* _Work to complete_: No pictures belong in the copy. Reproduce exactly the lines beginning at the line containing "TIFFANY & CO" and continuing to the end of the entries below.

(Saved entries)
<<<<
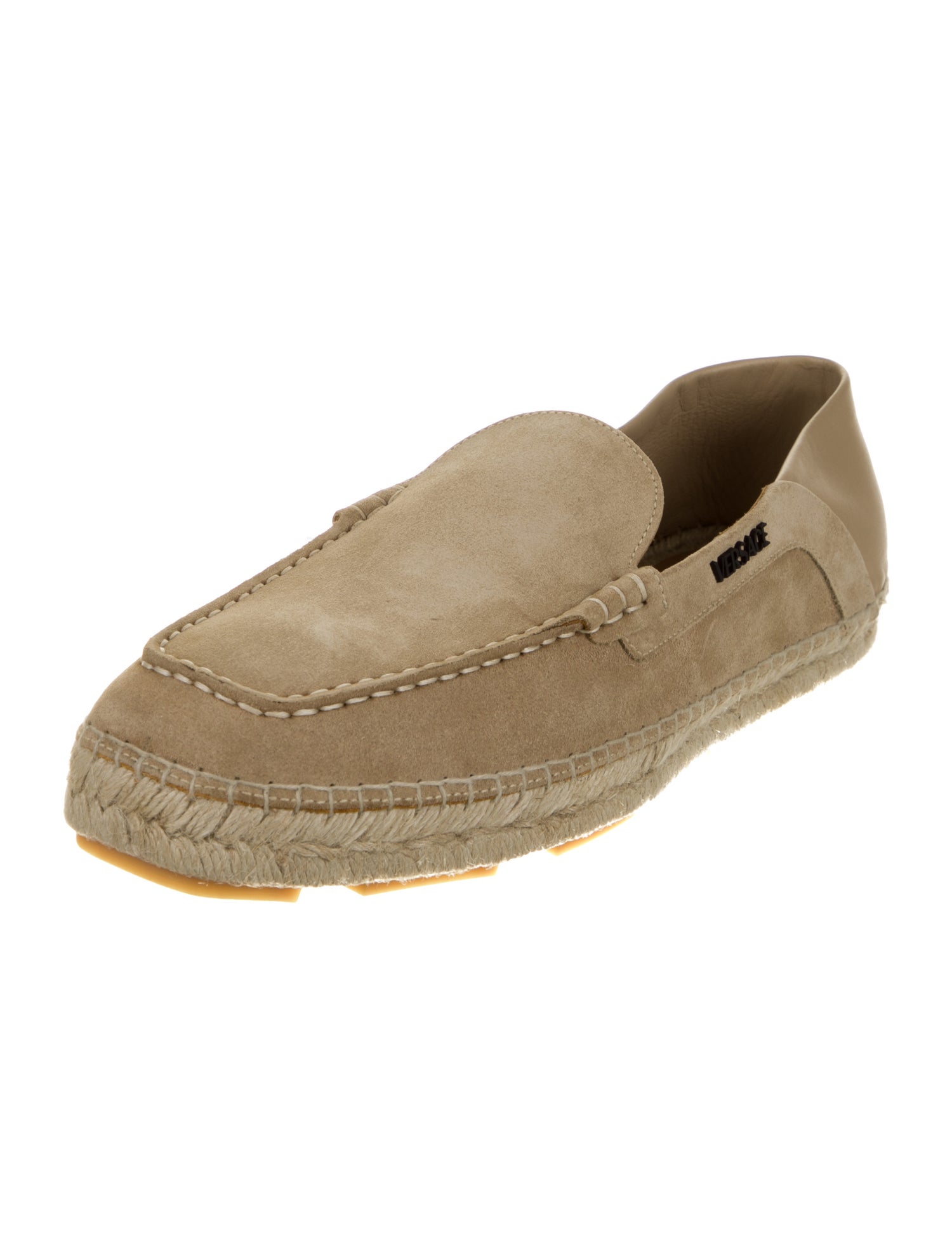 Versace Suede Braided Accents Loafers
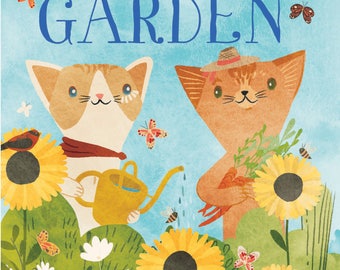 Signed Children's Book - A Peaceful Garden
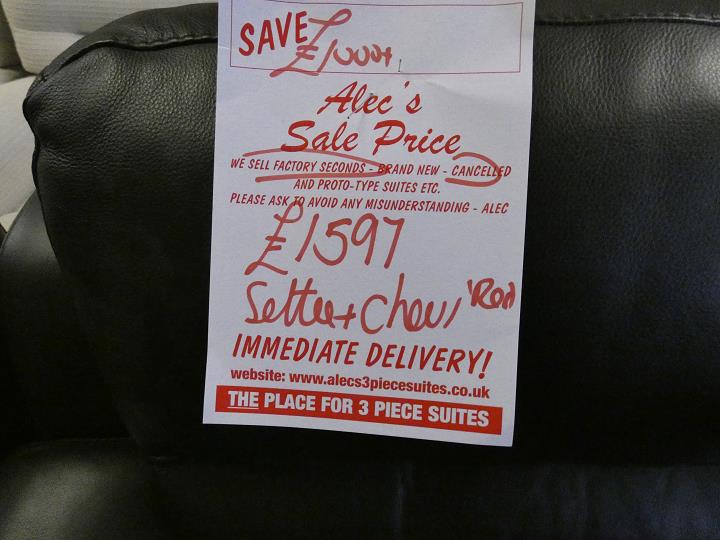 Sofa #17119 at Alec's clearance warehouse, Bolton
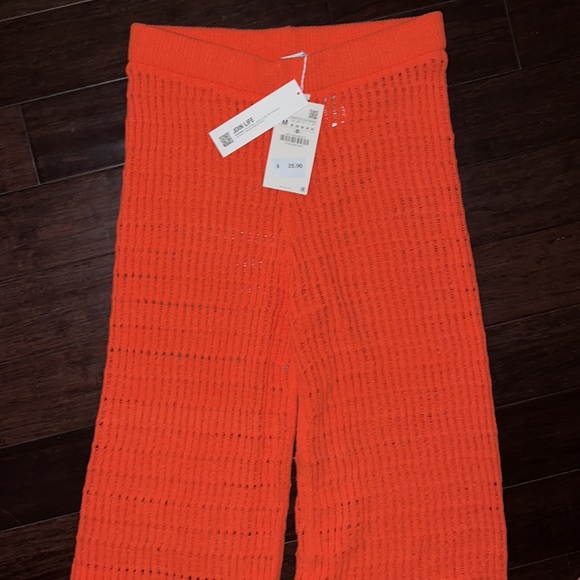 NWT Zara Crochet Pants - Picture 3 of 6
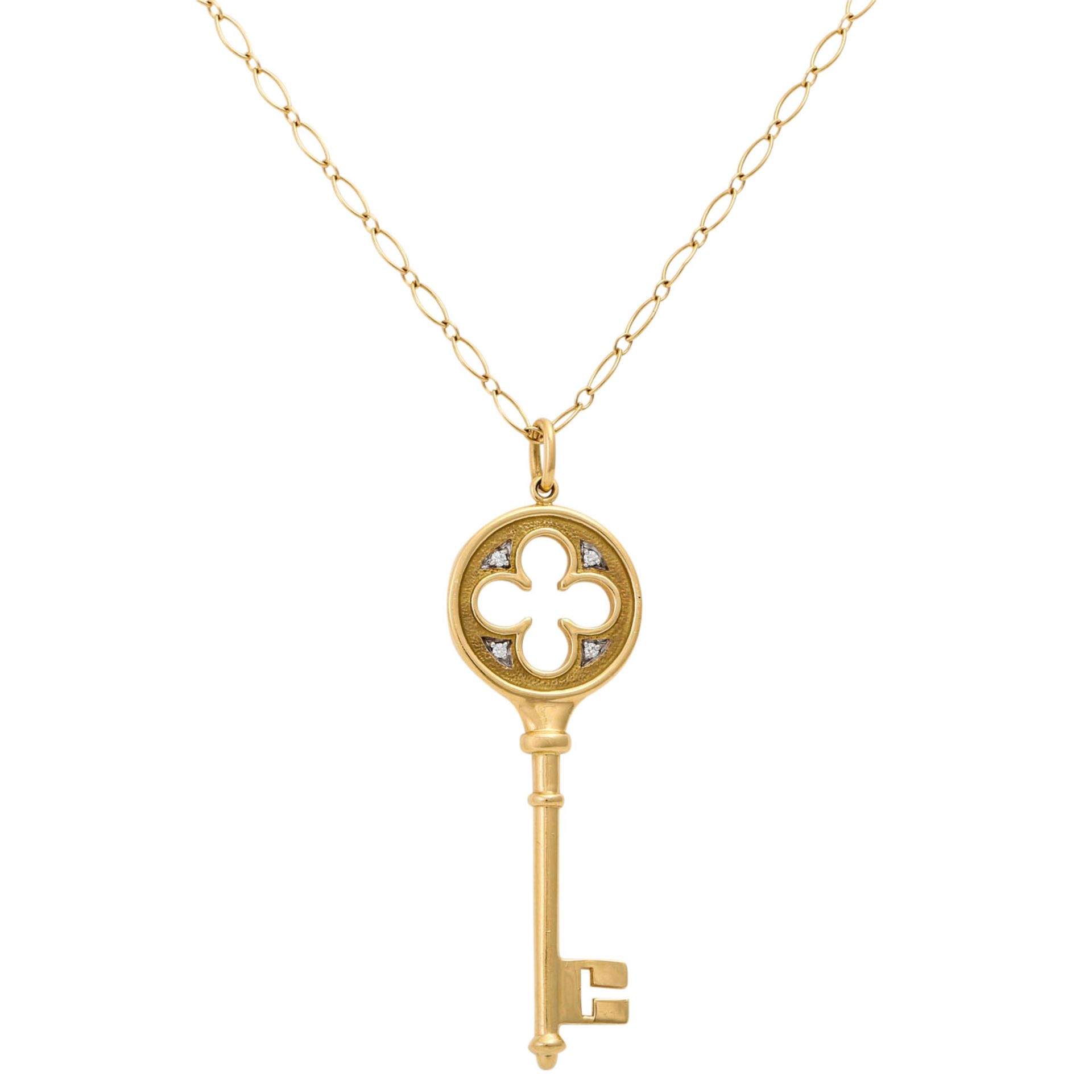 TIFFANY & CO Anhänger "Quatrefoil Key"KP (2009): 1.265 €, mit vier Brillanten, zu - Image 2 of 5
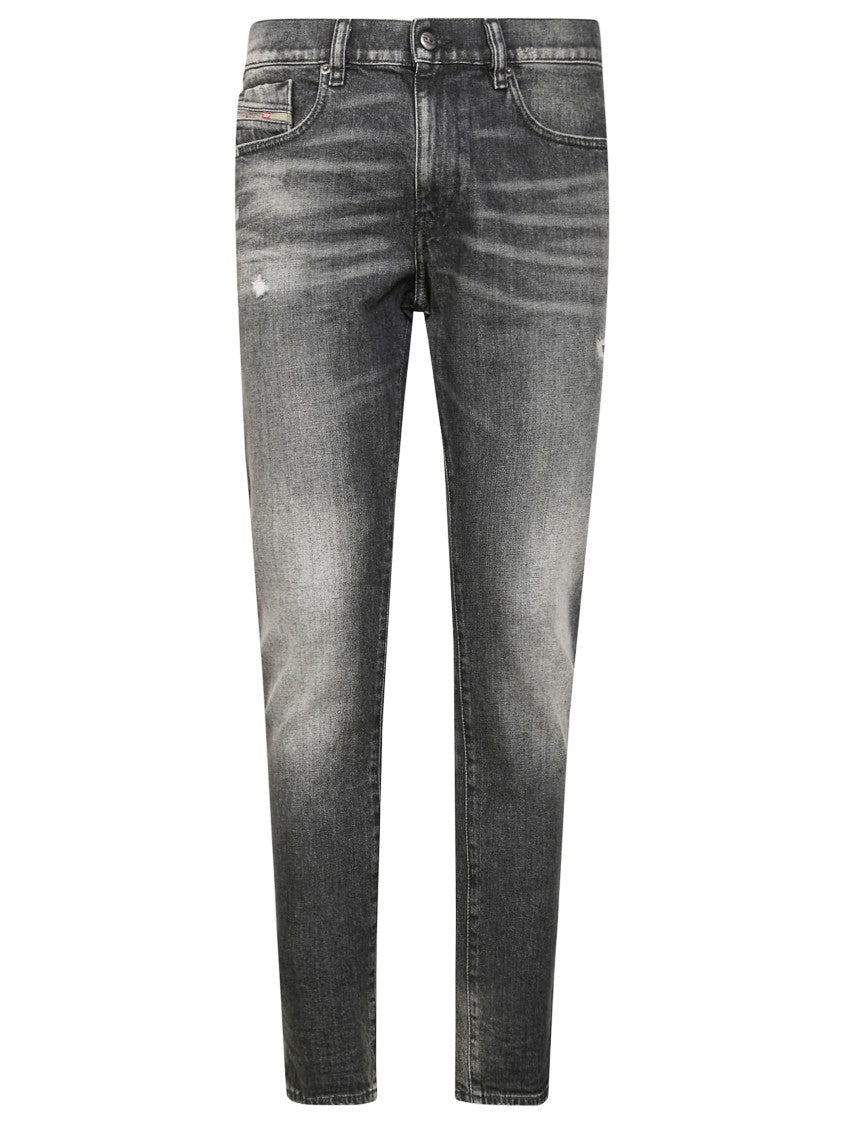 Diesel Straight-Leg Black Trousers With Classic Fit And Subtle Stitching
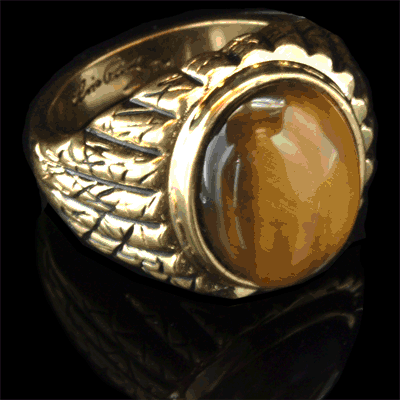 Tiger-Eye Ring - 9 Karat Gold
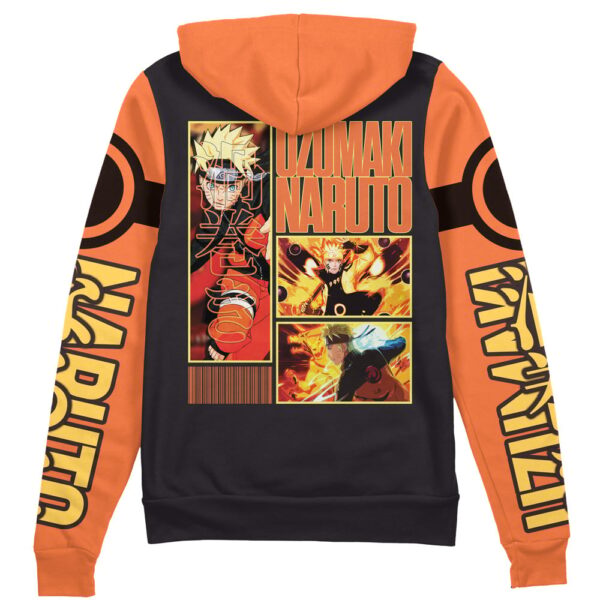 Uzumaki Naruto Naruto Shippuden Streetwear Otaku Cosplay Anime Zip Hoodie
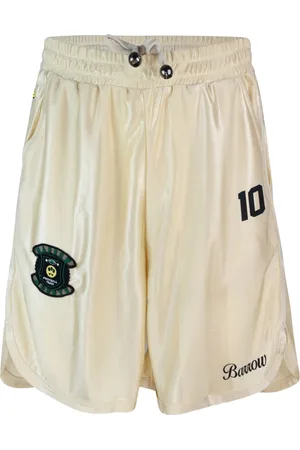 BARROW Casual Shorts, male, , L, Oversized Elastic Waist Shorts Polyester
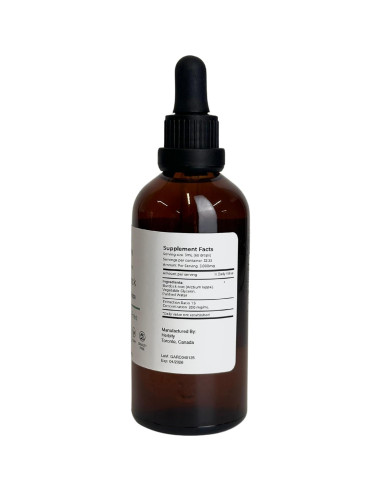 Tintura de raíz de bardana Herbity 100 ml - Sin alcohol, vegano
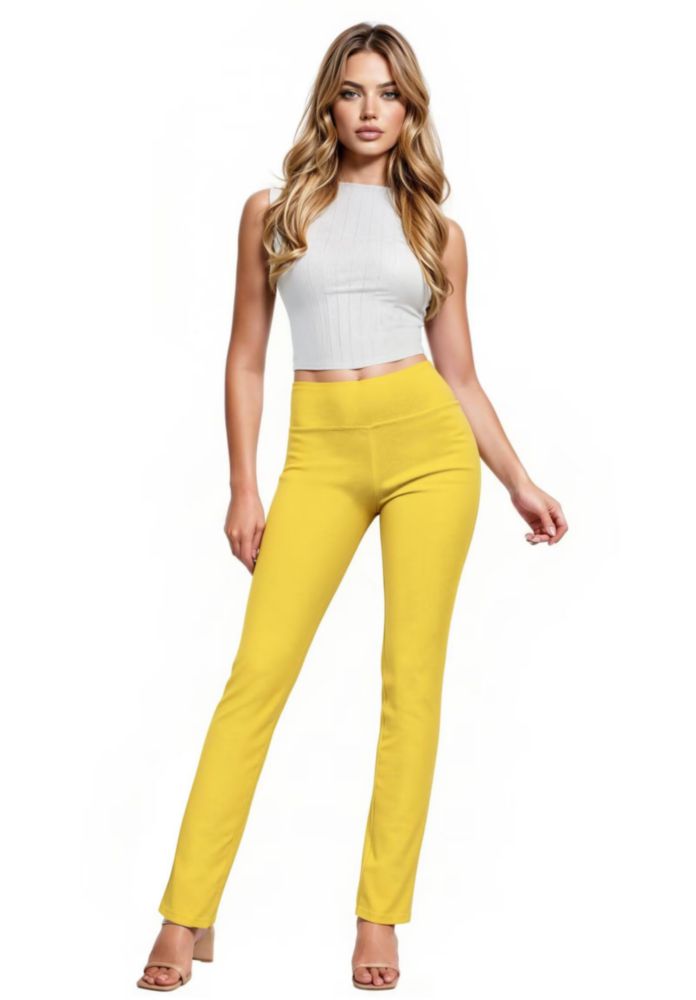 PANTALONES Hybrid & Company P44972BLX Amarillo 1X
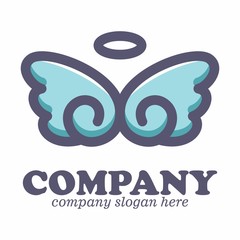 Angel logo vector icon Template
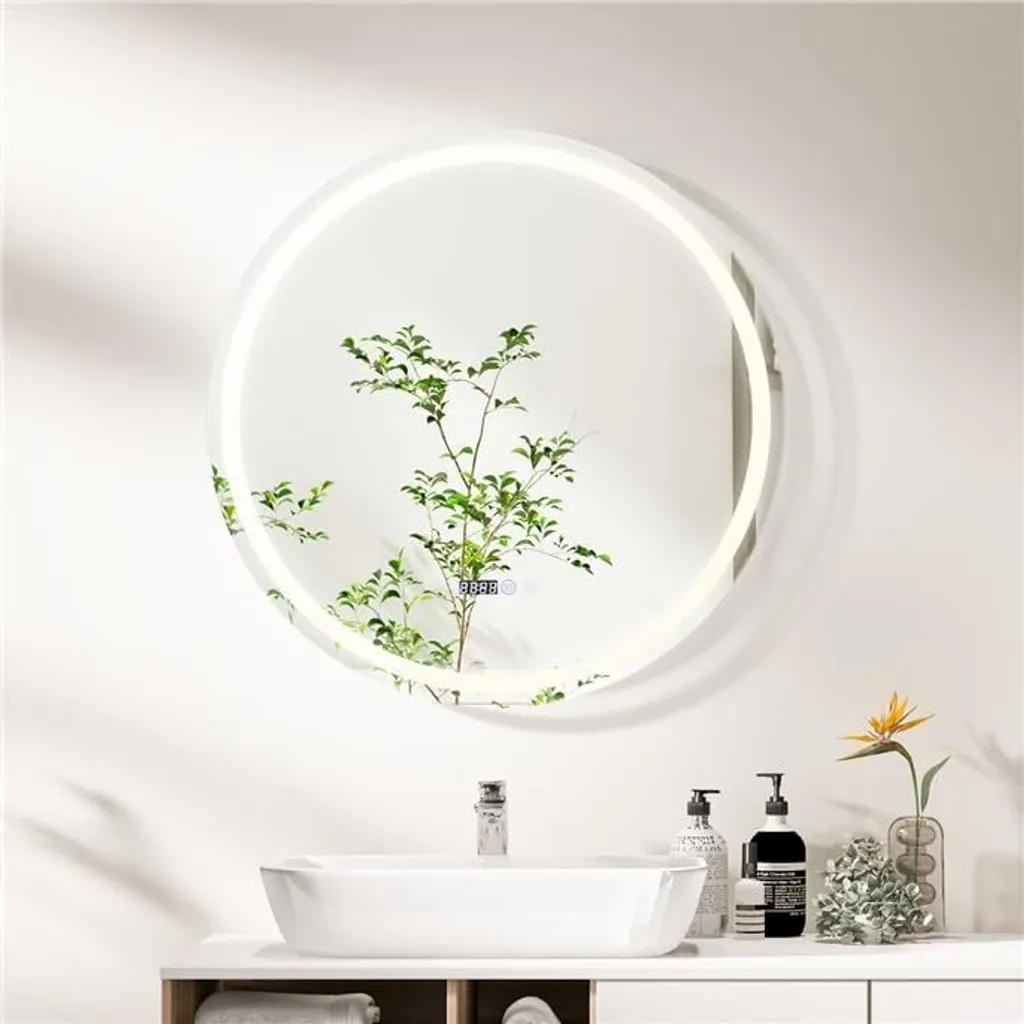 Miroir Anti-Buée LED 81x81cm : Finie la Condensation en Salle de Bain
>>>>
* _Task solution_:
 TIFFANY & CO Anhänger "Quatrefoil Key"KP (2009): 1.265 €, mit vier Brillanten, zu - Image 2 of 5
 Diesel Straight-Leg Black Trousers With Classic Fit And Subtle Stitching
 Tiger-Eye Ring - 9 Karat Gold
 Uzumaki Naruto Naruto Shippuden Streetwear Otaku Cosplay Anime Zip Hoodie
 BARROW Casual Shorts, male, , L, Oversized Elastic Waist Shorts Polyester
 Tintura de raíz de bardana Herbity 100 ml - Sin alcohol, vegano
 PANTALONES Hybrid & Company P44972BLX Amarillo 1X
 Angel logo vector icon Template
 Miroir Anti-Buée LED 81x81cm : Finie la Condensation en Salle de Bain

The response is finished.